S.D.N.Y. Discusses Numerosity Requirement; Finds Lack of Subject Matter Jurisdiction
Per McGaughey v. Treistman, 2007 WL 24935 (S.D.N.Y. Jan. 4, 2007):
Plaintiff Lawrence McGaughey (“Plaintiff” or “McGaughey”) has brought this putative class action against Defendant Richard Treistman (“Defendant” or “Treistman”) pursuant to the federal Telephone Consumer Protection Act (“TCPA”), 47 U.S.C. § 227 et. seq., that provides for statutory damages against those who send unsolicited “junk” faxes. Plaintiff has moved for class certification. Defendant has cross-moved for summary judgment. Because Plaintiff does not meet the requirements of Fed.R.Civ.P. 23(a) for class certification, I am denying Plaintiff's motion for class certification. Because denial of class certification leaves this Court without subject matter jurisdiction, it is unnecessary to decide Defendant's motion for summary judgment and dismissal for lack of subject matter jurisdiction is mandated. . . .
Plaintiff's motion for class certification fails because Plaintiff has not met the numerosity requirement of Rule 23(a). . . . Following the Second Circuit's recent clarification of the standards to be employed in determining Rule 23 motions, I must make individualized determinations for each Rule 23 category, and I may look beyond the pleadings in doing so. See In re Initial Pub. Offering Sec. Litig., 2006 U.S.App. LEXIS 29859, at *52 (”[T]he district judge must receive enough evidence, by affidavits, documents, or testimony, to be satisfied that each Rule 23 requirement is met.). However, on the pleadings or otherwise, Plaintiff here appears to be a potential class of one. Although Plaintiff has been given the opportunity to conduct discovery regarding class certification-as well as an extension of discovery on that issue, at Plaintiff's request-Plaintiff has provided no evidence that either Defendant or N.Y. Essex has ever sent more than one fax arguably in violation of the TCPA, and that one to this Plaintiff. See Weiss v. Fein, Such, Kahn & Shepard, P.C., 2002 U.S. Dist. LEXIS 4783, at *5-6 (S . D.N.Y.2002) . . . Plaintiff has failed to meet his burden to satisfy the Rule 23(a) requirement of numerosity. Because Plaintiff has failed to meet this burden, it is unnecessary for me to consider the remaining Rule 23 requirements.

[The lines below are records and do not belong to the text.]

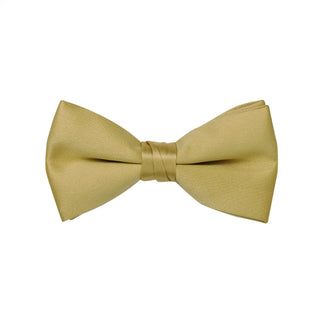 Formal Bow Tie - Antique Gold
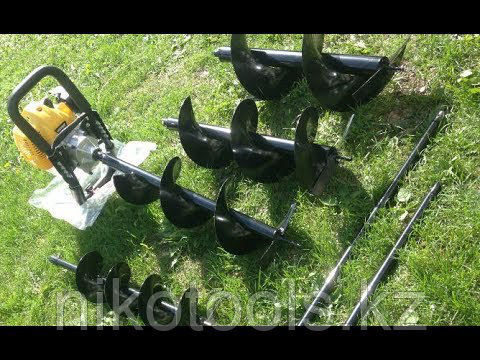 Мотобур GGD-52 HUTER Караганда - изображение 2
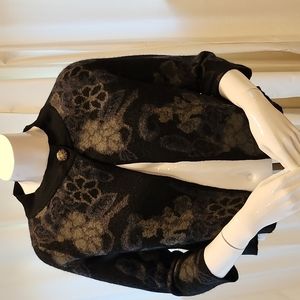 100% Wool Sweater Jacket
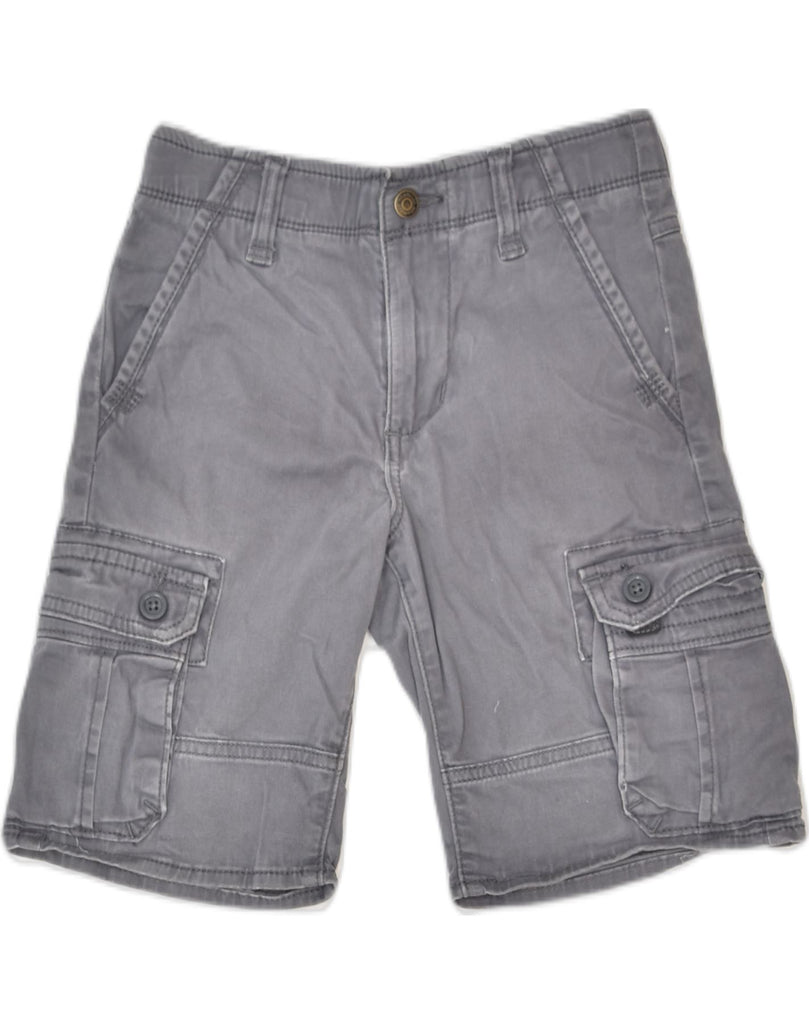 WRANGLER Boys Cargo Shorts 6-7 Years W22 Grey Cotton | Vintage | Thrift | Second-Hand | Used Clothing | Messina Hembry 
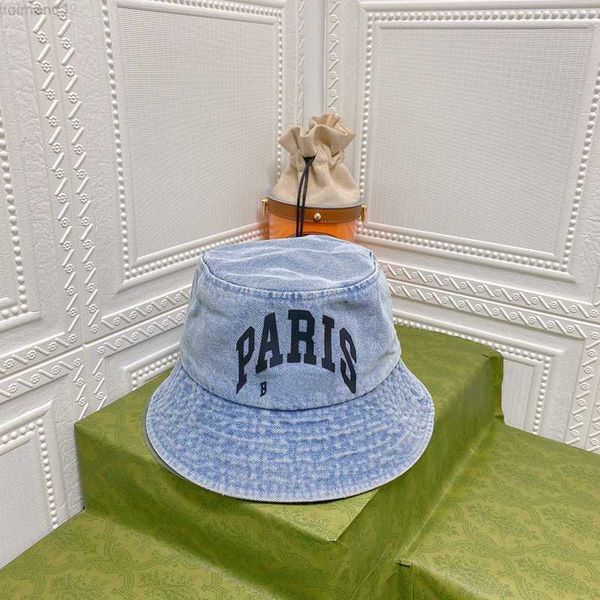 

denim washed men cap hip hop letter women caps summer simple resort hat for mountaineering, Blue;gray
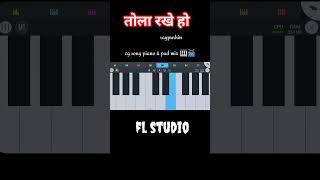 Tola rakhe ho raypurhin kareja bhitricg song pianoamp pad mix🎹🥁 संजय सुरीलाpiano shortscgsong [upl. by Ttreve]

Plaintiff originally asserted that this Court possessed subject matter jurisdiction over this action pursuant to the Class Action Fairness Act, 28 U.S.C. § 1332(d)(2)(A). Pl. Complaint, ¶ 3. This Court would alternatively possess subject matter over this action pursuant to the general federal diversity statute, 28 U.S.C. § 1332(a). Plaintiff is required to rely on § 1332 for subject matter jurisdiction because the TCPA is the rare federal statute that does not provide federal question jurisdiction. Gottlieb v. Carnival Corp., 436 F.3d 335, 337 (2d. Cir.2006), citing Foxhall Realty Law Offices, Inc. v. Telecommunications Premium Services, Ltd., 156 F.3d 432 (2d Cir.1998). However, Plaintiff's two possible grounds for establishing subject matter jurisdiction over this action no longer exist. Because Plaintiff's motion for class certification must be denied, Plaintiff's action is no longer a class action, and this Court cannot retain subject matter jurisdiction in diversity over Plaintiff's action pursuant to the Class Action Fairness Act. See 28 U.S.C. § 1332(d)(2). Because Plaintiff has failed to put forth a single fact relevant to his remaining individual action against Defendant that meets the $75,000 amount-in-controversy requirement of 28 U.S.C. § 1332(a), this Court loses subject matter jurisdiction over Plaintiff's individual action pursuant to the general federal diversity statute. See Gottlieb v. Carnival Corp., 436 F.3d 335, 343 n.10 (“In order to meet the amount-in-controversy requirement, a single plaintiff would have to receive either 150 faxes from a single defendant, assuming $500 in statutory damages per fax, or 50 faxes from that defendant, assuming treble damages.”). Plaintiff's action therefore must be dismissed for lack of subject matter jurisdiction.